Here is the list of the forthcoming live sessions.


UPDATE 11/8/2012

Here is a direct link to the release build of the PowerPivot Configuration Tool for SQL Server 2012 SP1.

Installing HDInsight Server for Windows

As you’ve probably heard the news, Microsoft rebranded their Big Data offerings as HDInsight that currently encompasses two key services:

  • Windows Azure HDInsight Service (formerly known as Hadoop-based Services on Windows Azure) – This is a cloud-based Hadoop distribution hosted on Windows Azure.
  • Microsoft HDInsight Server for Windows – A Windows-based Hadoop distribution that offers two main benefits for Big Data customers:
    • An officially supported Hadoop distribution on Windows server – Previously, you can set up Hadoop on Windows as an unsupported installation (via Cygwin) for development purposes. What this means for you is that you can now set up a Hadoop cluster on servers running Windows Server OS.
    • Extends the reach of the Hadoop ecosystem to .NET developers and allows them to write MapReduce jobs in .NET code, such as C#.

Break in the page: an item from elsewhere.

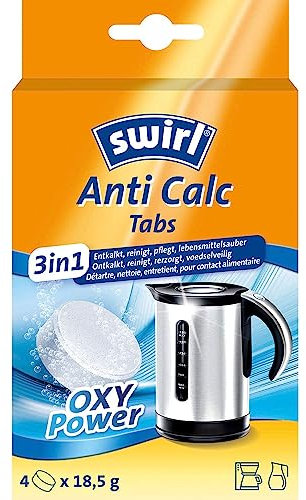 Melitta - E526598 swirl activo-antical-equipo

Both services are available as preview offerings and changes are expected as they evolve. The Installing the Developer Preview of Apache Hadoop-based services on Windows article covers the setup steps pretty well. I decided to set up HDInsight Server for Windows by installing the Microsoft Web Platform Installer on my Windows 8 laptop.

Note Initially, I planned to install HDInsight Server for Windows on a VM running Windows Server 2012 Standard Edition. Although the installer completed successfully, it failed to create the sites and shortcuts to the dashboards (Hadoop Name Node, Dashboard, and MapRaduce). This was probably caused by the fact that server was configured as a domain controller. There is an ongoing discussion about this issue on the Microsoft HDInsight forum.

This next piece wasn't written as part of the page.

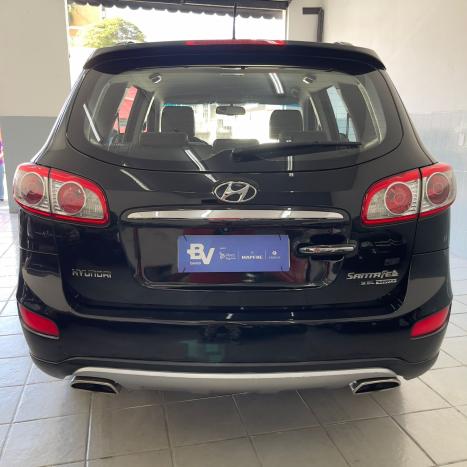 HYUNDAI Santa F 3.5 V6 24V 4P GLS 285CV 4WD AUTOMTICO, Foto 5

The Windows 8 setup failed to create the shortcut to the dashboard. However, the following steps fixed the issue:

1. Open up an Administrator PowerShell prompt and elevate the execution policy of the PowerShell to accept scripts.

PS:> Set-ExecutionPolicy RemoteSigned

2. Navigate to the C:\HadoopFeaturePackSetup\HadoopFeaturePackSetupTools folder:

cd C:\HadoopFeaturePackSetup\HadoopFeaturePackSetupTools

  • Install HadoopWebApi

.\winpkg.ps1 ..\Packages\HadoopWebApi-winpkg.zip install -CredentialFilePath c:\Hadoop\Singlenodecreds.xml

  • Install the dashboard

.\winpkg.ps1 ..\Packages\HadoopDashboard-winpkg.zip install -CredentialFilePath c:\Hadoop\Singlenodecreds.xml

This should create the shortcuts on the desktop and you should be able to navigate to http://localhost:8085 to access the dashboard.


From here, you can open the Interactive Console and your experience should be the same as Windows Azure HDInsight Service. David Zhang has a great coverage of how you can use the Interactive Console in his video presentation “Introduction to the Hadoop on Azure Interactive JavaScript Console”.

BTW, HDInsight Server installs a set of Windows services corresponding to the UNIX daemons when Hadoop is installed on UNIX.